The oil-based/invert emulsion wellbore fluids may include an oleaginous continuous phase, a non-oleaginous discontinuous phase, and a micronized weighting agent. One of ordinary skill in the art would appreciate that the micronized weighting agents described above may be modified in accordance with the desired application. For example, modifications may include the hydrophilic/hydrophobic nature of the dispersant.
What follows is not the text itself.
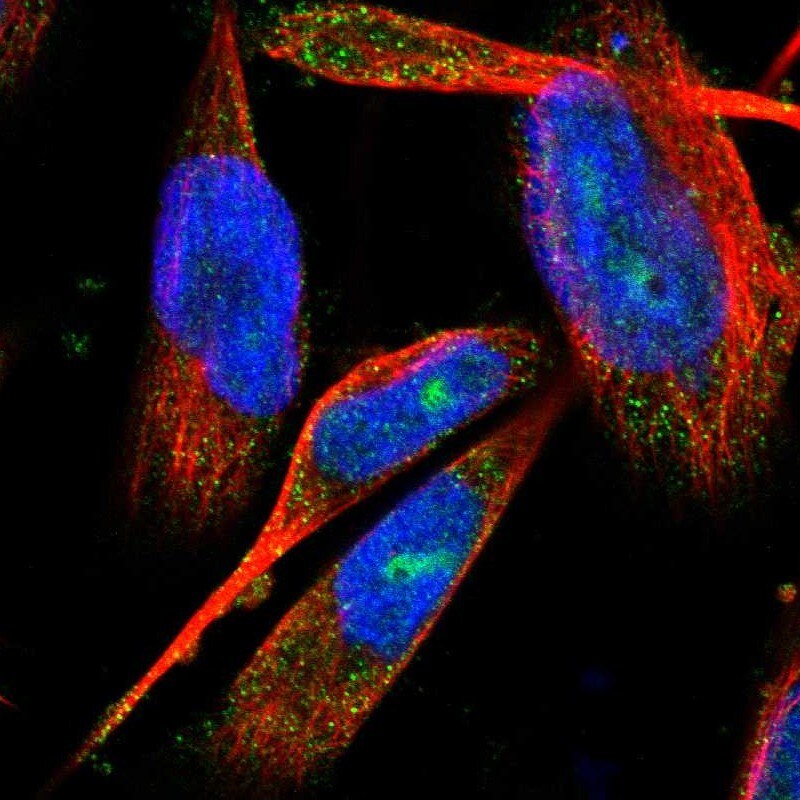 GLOD4 Antibody - BSA Free Immunocytochemistry/ Immunofluorescence: GLOD4 Antibody [NBP1-88464]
The oleaginous fluid may be a liquid, more preferably a natural or synthetic oil, and more preferably the oleaginous fluid is selected from the group including diesel oil; mineral oil; a synthetic oil, such as hydrogenated and unhydrogenated olefins including polyalpha olefins, linear and branch olefins and the like, polydiorganosiloxanes, siloxanes, or organosiloxanes, esters of fatty acids, specifically straight chain, branched and cyclical alkyl ethers of fatty acids; similar compounds known to one of skill in the art; and mixtures thereof. The concentration of the oleaginous fluid should be sufficient so that an invert emulsion forms and may be less than about 99% by volume of the invert emulsion. In one embodiment, the amount of oleaginous fluid is from about 30% to about 95% by volume and more preferably about 40% to about 90% by volume of the invert emulsion fluid. The oleaginous fluid, in one embodiment, may include at least 5% by volume of a material selected from the group including esters, ethers, acetals, dialkylcarbonates, hydrocarbons, and combinations thereof.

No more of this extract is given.